== HOW TO COMPLETE THIS TASK ==
Repeat each entry exactly, but do not carry over the pictures.

Dataset entries:
_ _ _ _ _ _ _
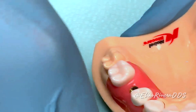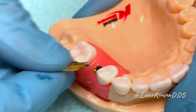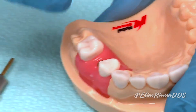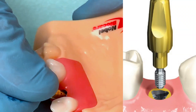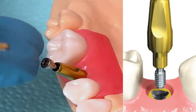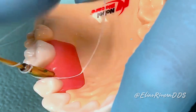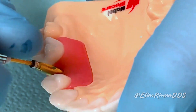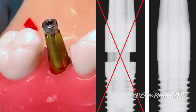Step number two: insert the closed-tray impression coping into the implant. Ensure that the lobes of the tri-channel configuration of the impression coping engage the tri-channel connection in the implant. Once it's seated, use the screwdriver to fasten it. In the clinical scenario, a radiograph will be needed to verify proper seating of the impression coping.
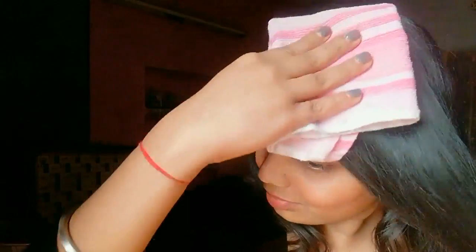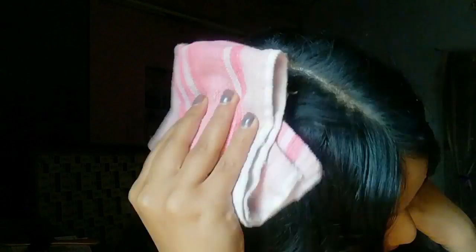Oh my goodness, I'm looking like an old lady now! I'm just leaving it for one to two seconds, and after that I'm taking my towel and just dusting everything out. Guys, make sure there should not be any talcum left on your hair.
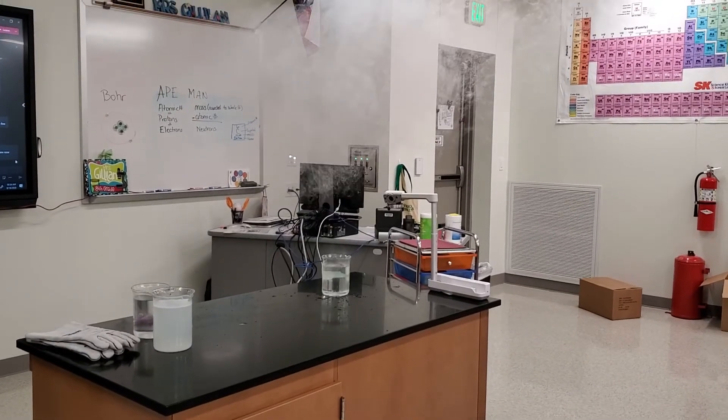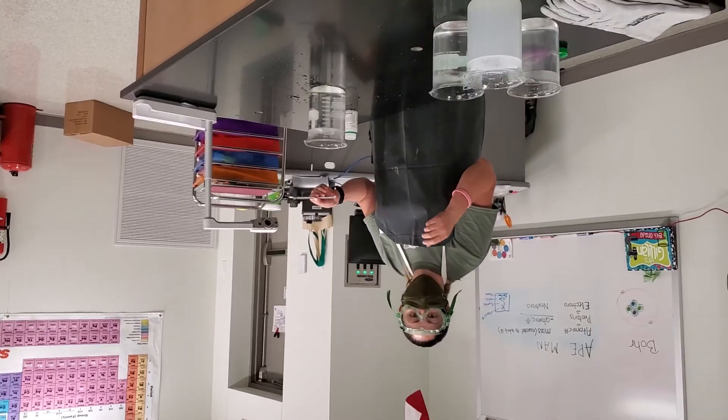Okay, so you can press stop. Potassium is next.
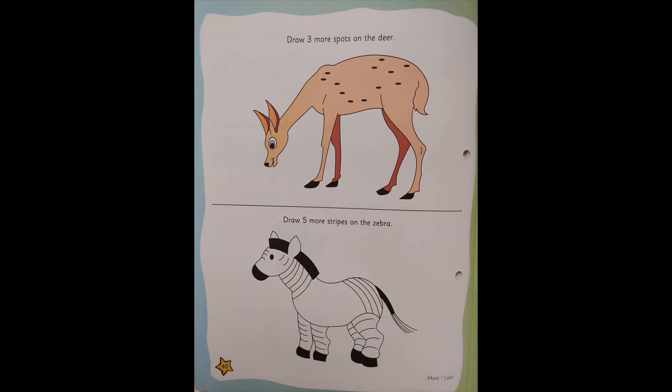There are two pictures on that page and we are doing the more or less concept. The first instruction says: draw three more spots on the body. So you're going to first count the spots on the body — they are black in color — and then draw three more spots on the body with a pencil.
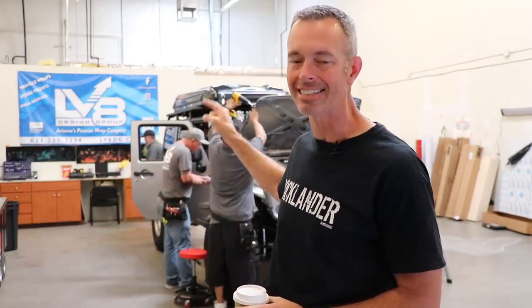Last night I drove all the way here to Phoenix, Arizona — about six hours — arriving around midnight to do something amazing to the Jeep. I can't wait to show you the surprise. You guys probably already saw the thumbnail: we're getting ready to wrap the Jeep! This is going to be awesome. But first, I need some coffee.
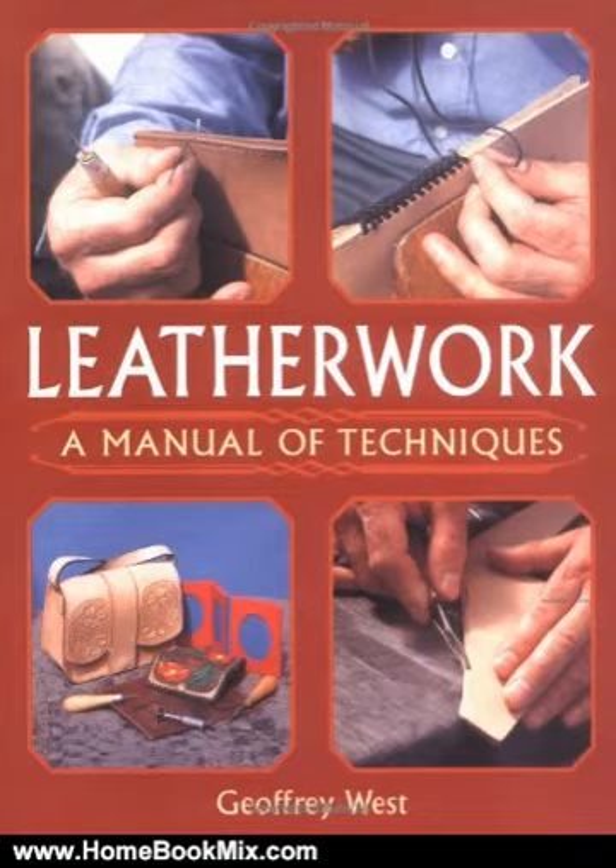This book offers advice on selection of tools and different types of leather. Step-by-step instruction on the techniques of cutting, beveling, burnishing, hand-stitching, carving, stamping, and thronging. Tips on how to avoid common pitfalls, and a range of interesting projects.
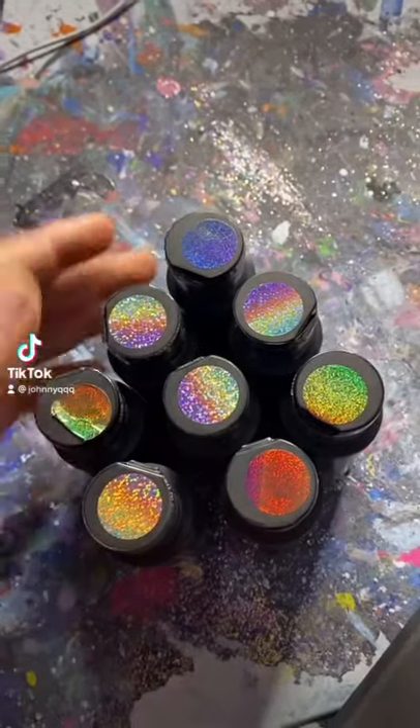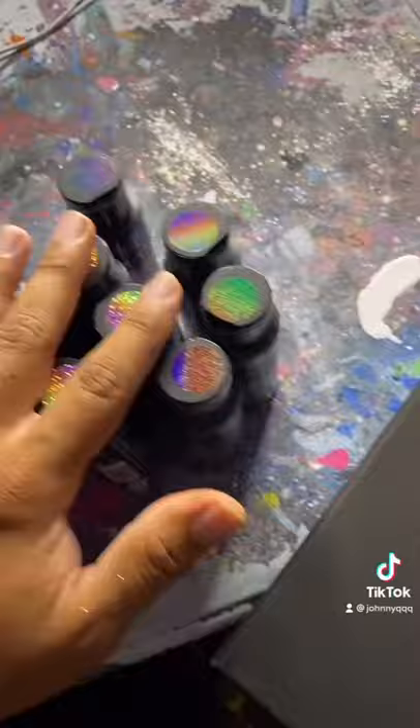I have these color shift paints. See how it shifts in different lighting. You basically put these on a black canvas and it turns out super, super awesome. So we're going to do this right now.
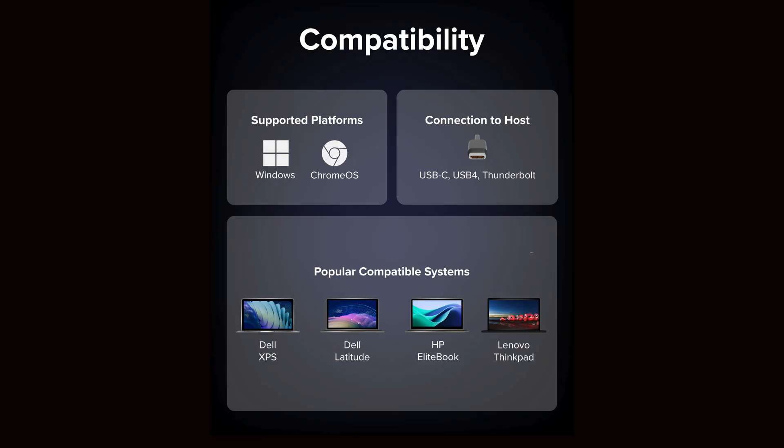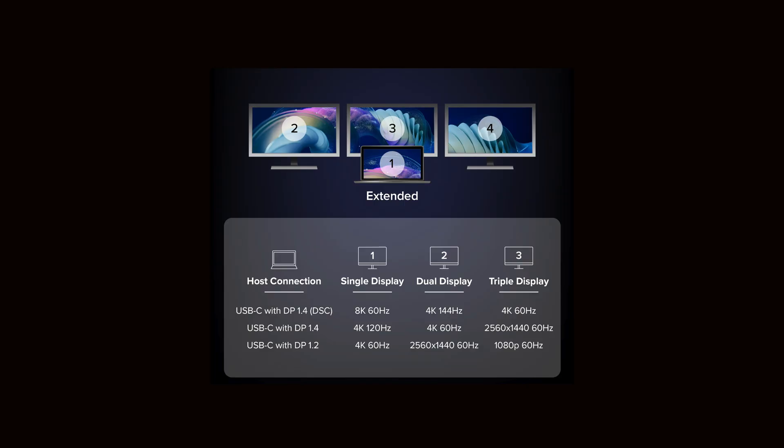And now the fine print. For max resolution, you'll want to add this adapter to a computer running Windows 10 or later, or Chrome OS 100 or newer. And while this adapter is built on DisplayPort 2.1 to ensure it remains future-proof, your computer only needs DP 1.4 with DSC support. This is a multi-stream transport, or MST, adapter, which isn't supported by Mac, so it isn't compatible with Apple products.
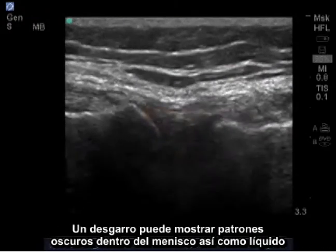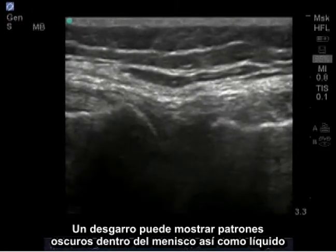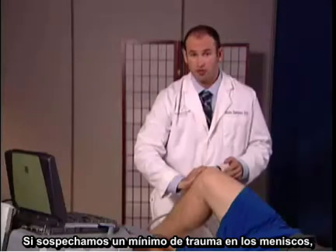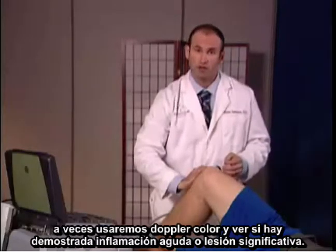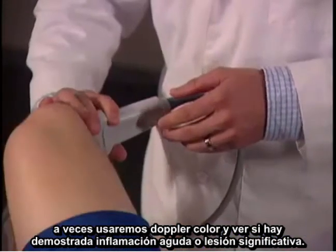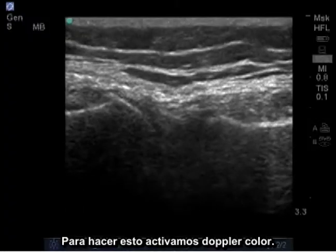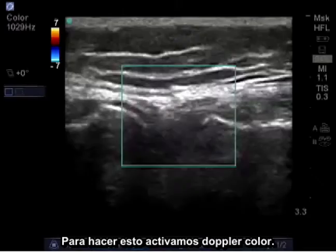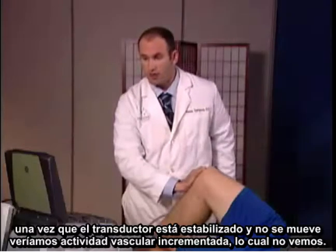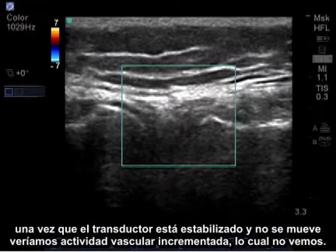A tear may show dark patterns within the meniscus as well as fluid leaking into the surrounding joint space. If we suspect meniscus trauma, sometimes we'll use color doppler and see if there's an acute inflammation or significant injury demonstrated. I activate color doppler, and if there was any acute trauma, once the probe is stabilized and not moving, we'd see increased vascular activity, which we do not.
_ _ _ _ _ _ _
== FINISHED TASK ==
Step number two: insert the closed-tray impression coping into the implant. Ensure that the lobes of the tri-channel configuration of the impression coping engage the tri-channel connection in the implant. Once it's seated, use the screwdriver to fasten it. In the clinical scenario, a radiograph will be needed to verify proper seating of the impression coping.
Oh my goodness, I'm looking like an old lady now! I'm just leaving it for one to two seconds, and after that I'm taking my towel and just dusting everything out. Guys, make sure there should not be any talcum left on your hair.
Okay, so you can press stop. Potassium is next.
There are two pictures on that page and we are doing the more or less concept. The first instruction says: draw three more spots on the body. So you're going to first count the spots on the body — they are black in color — and then draw three more spots on the body with a pencil.
Last night I drove all the way here to Phoenix, Arizona — about six hours — arriving around midnight to do something amazing to the Jeep. I can't wait to show you the surprise. You guys probably already saw the thumbnail: we're getting ready to wrap the Jeep! This is going to be awesome. But first, I need some coffee.
This book offers advice on selection of tools and different types of leather. Step-by-step instruction on the techniques of cutting, beveling, burnishing, hand-stitching, carving, stamping, and thronging. Tips on how to avoid common pitfalls, and a range of interesting projects.
I have these color shift paints. See how it shifts in different lighting. You basically put these on a black canvas and it turns out super, super awesome. So we're going to do this right now.
And now the fine print. For max resolution, you'll want to add this adapter to a computer running Windows 10 or later, or Chrome OS 100 or newer. And while this adapter is built on DisplayPort 2.1 to ensure it remains future-proof, your computer only needs DP 1.4 with DSC support. This is a multi-stream transport, or MST, adapter, which isn't supported by Mac, so it isn't compatible with Apple products.
A tear may show dark patterns within the meniscus as well as fluid leaking into the surrounding joint space. If we suspect meniscus trauma, sometimes we'll use color doppler and see if there's an acute inflammation or significant injury demonstrated. I activate color doppler, and if there was any acute trauma, once the probe is stabilized and not moving, we'd see increased vascular activity, which we do not.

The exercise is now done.